- Study material:

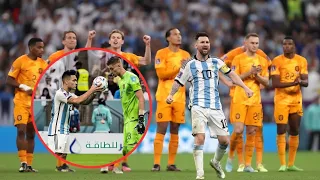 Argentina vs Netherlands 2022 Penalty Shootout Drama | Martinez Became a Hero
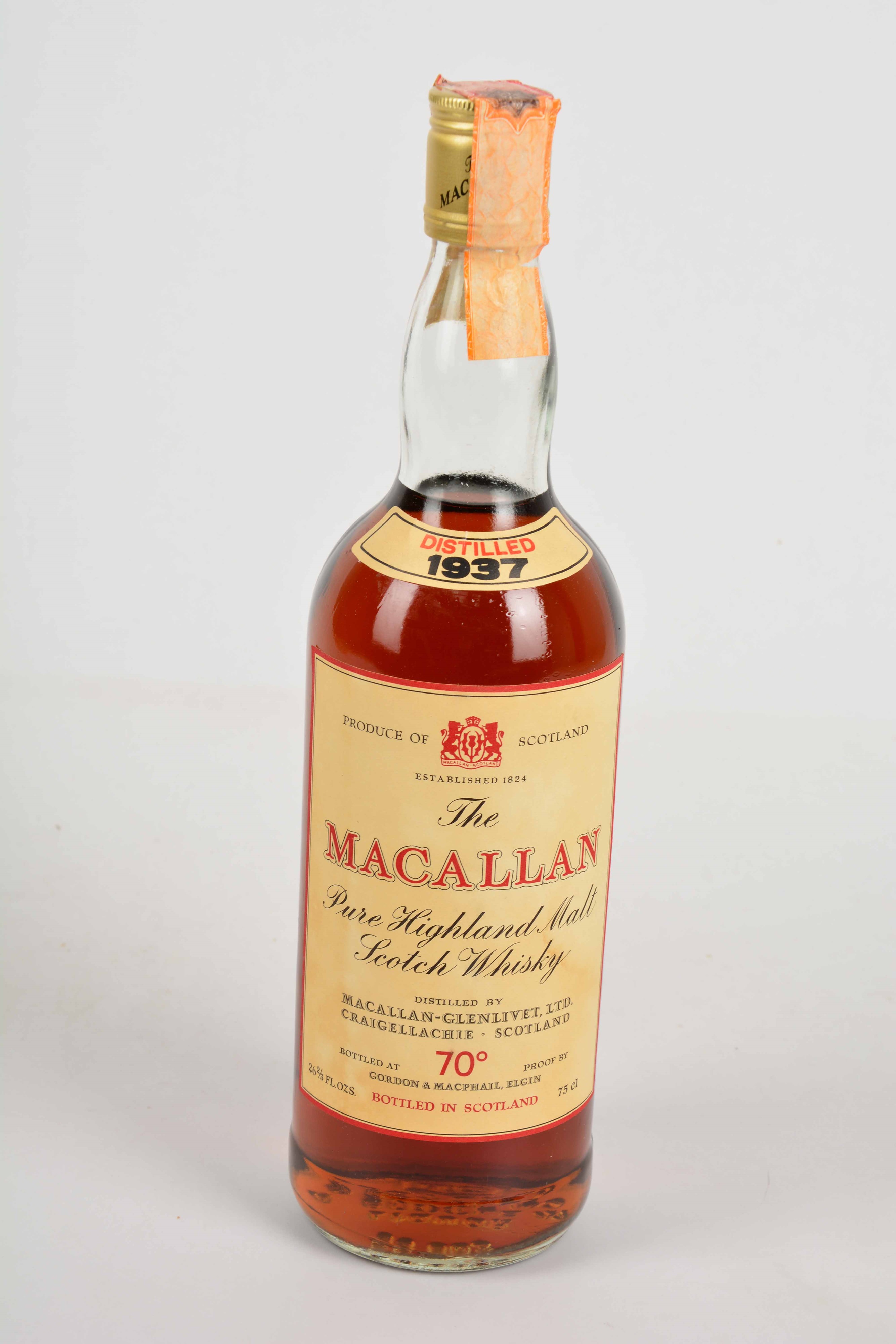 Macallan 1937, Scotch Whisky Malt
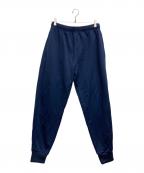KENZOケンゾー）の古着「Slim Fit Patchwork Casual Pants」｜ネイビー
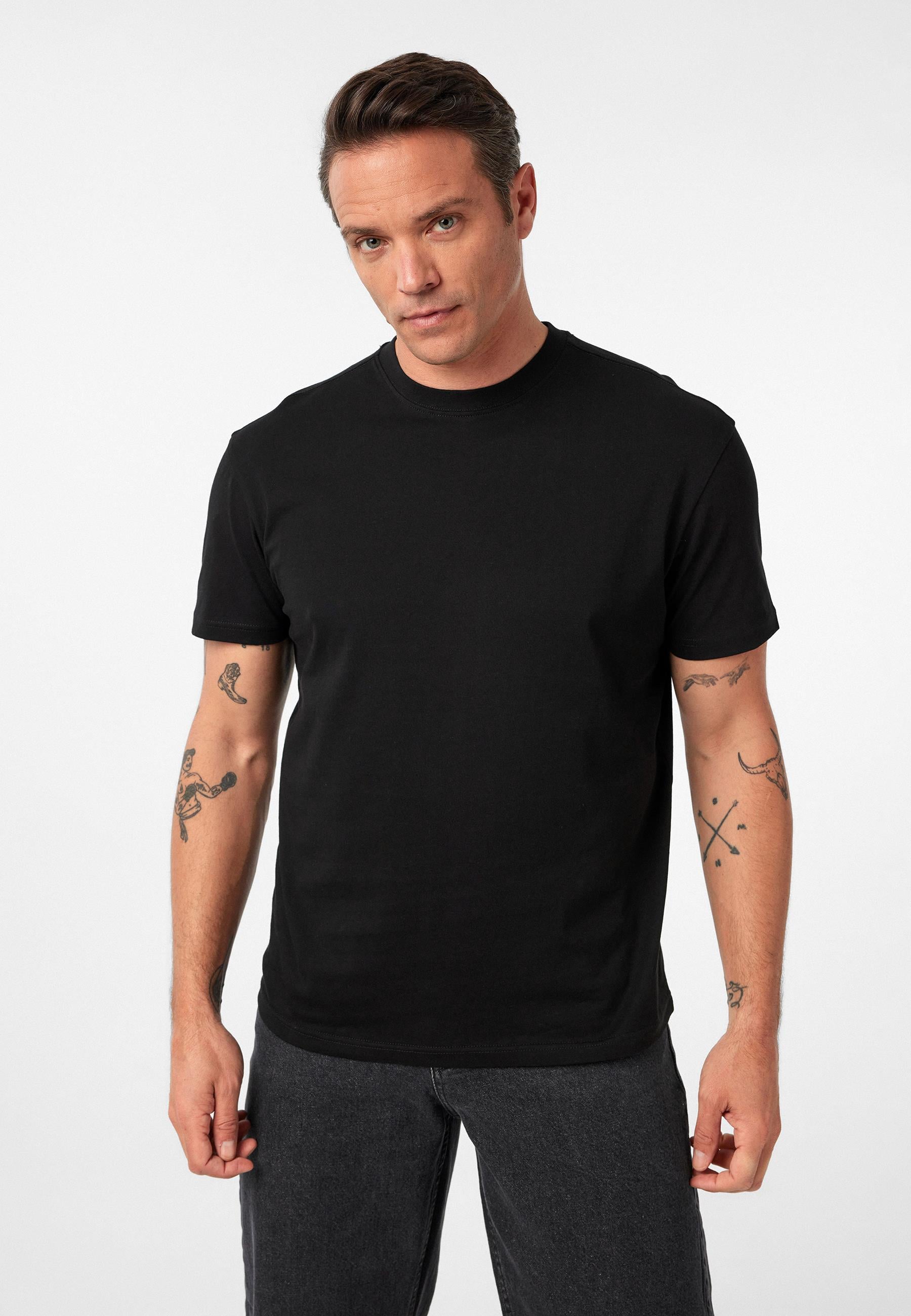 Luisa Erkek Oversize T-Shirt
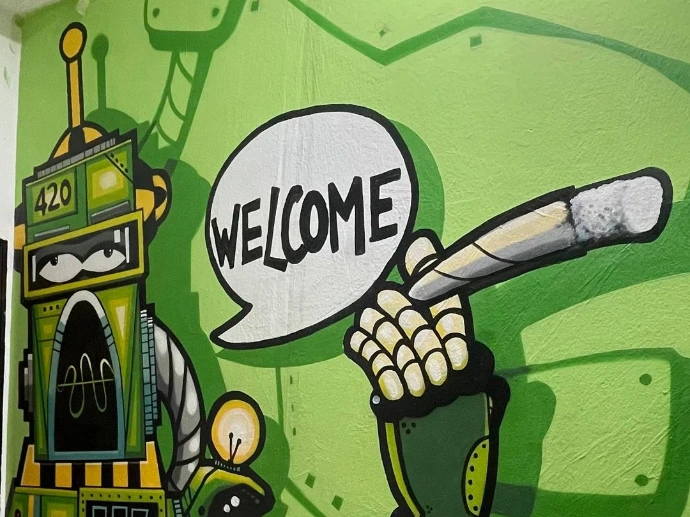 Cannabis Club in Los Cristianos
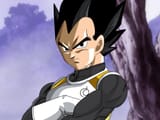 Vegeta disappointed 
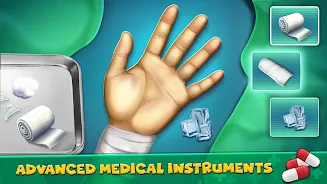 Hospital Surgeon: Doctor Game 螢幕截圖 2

---

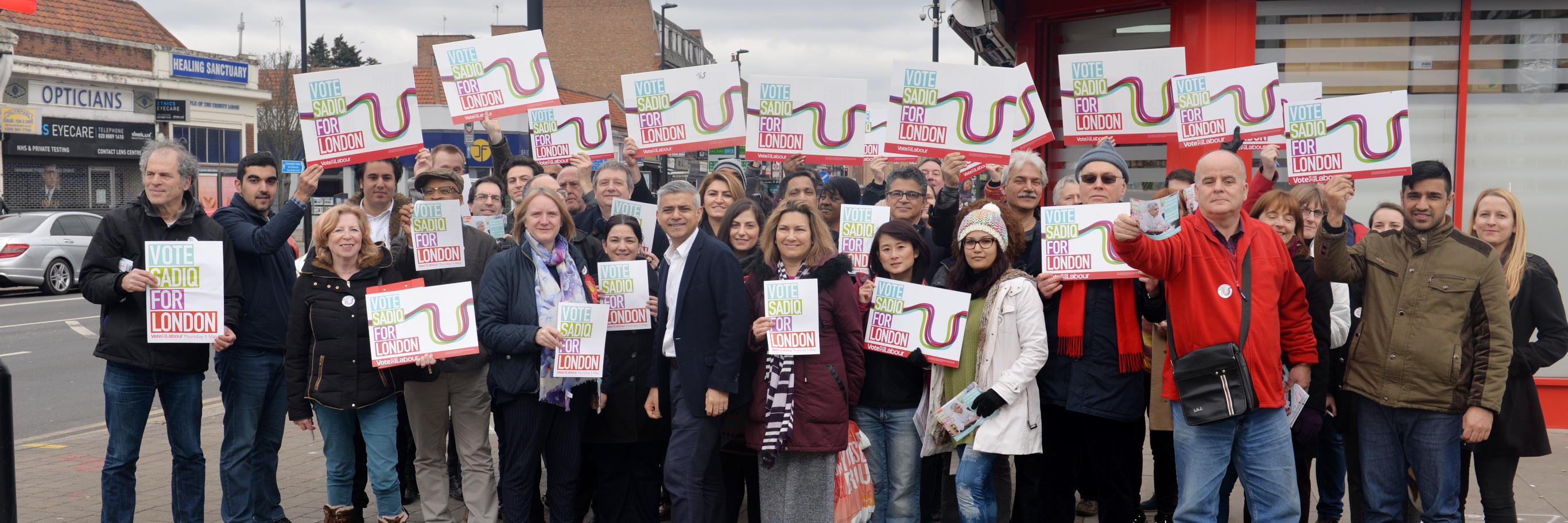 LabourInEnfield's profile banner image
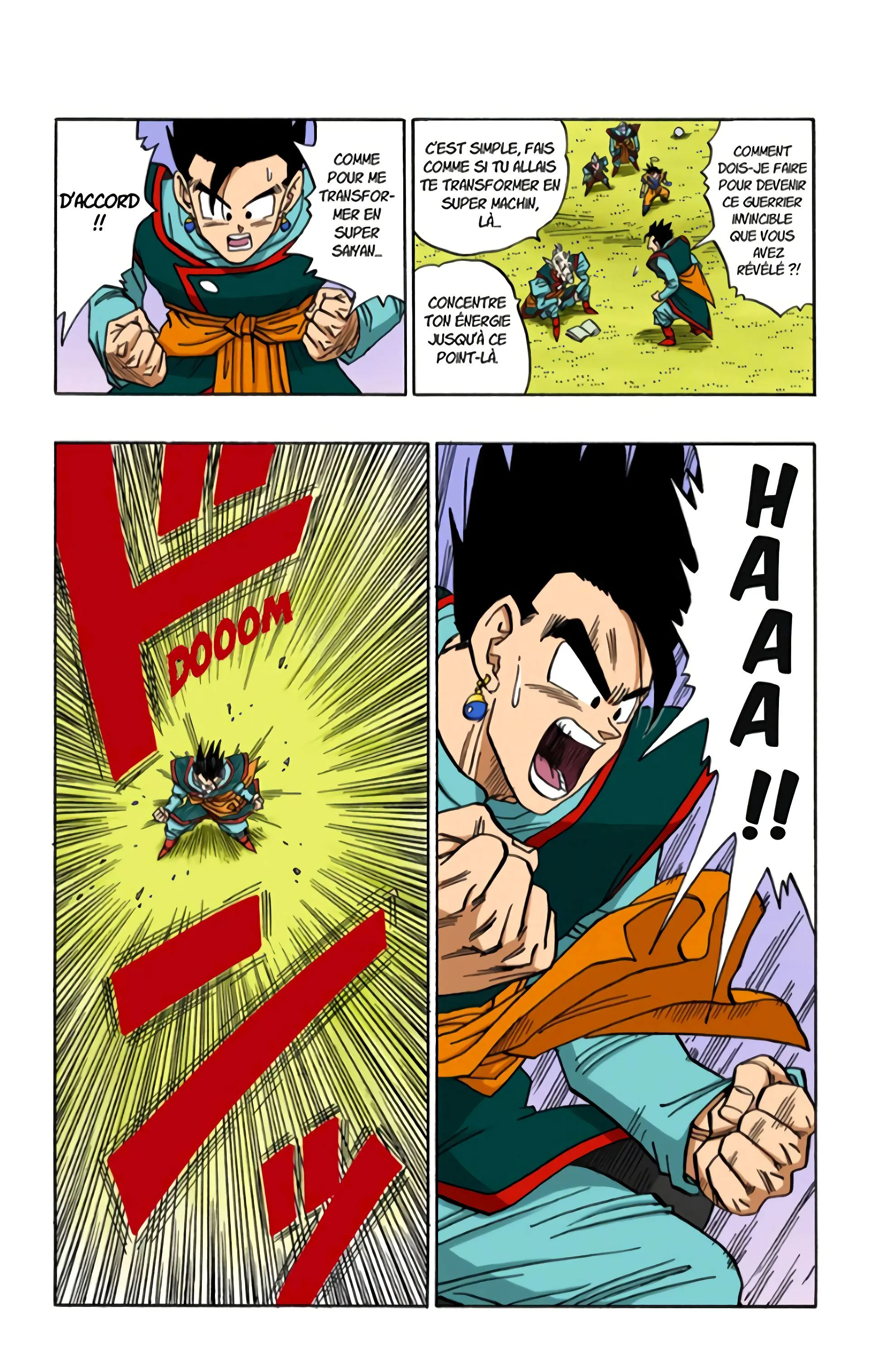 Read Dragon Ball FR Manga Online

- Work instruction:
Exercise for the records above: copy only the lines from the one with "KENZOケンゾー）の古着「Slim Fit Patchwork" to the one with "Hospital Surgeon: Doctor Game 螢幕截圖 2", both ends kept, and drop the pictures.

- Exercise output:
KENZOケンゾー）の古着「Slim Fit Patchwork Casual Pants」｜ネイビー
 Luisa Erkek Oversize T-Shirt
 Cannabis Club in Los Cristianos
 Vegeta disappointed 
 Hospital Surgeon: Doctor Game 螢幕截圖 2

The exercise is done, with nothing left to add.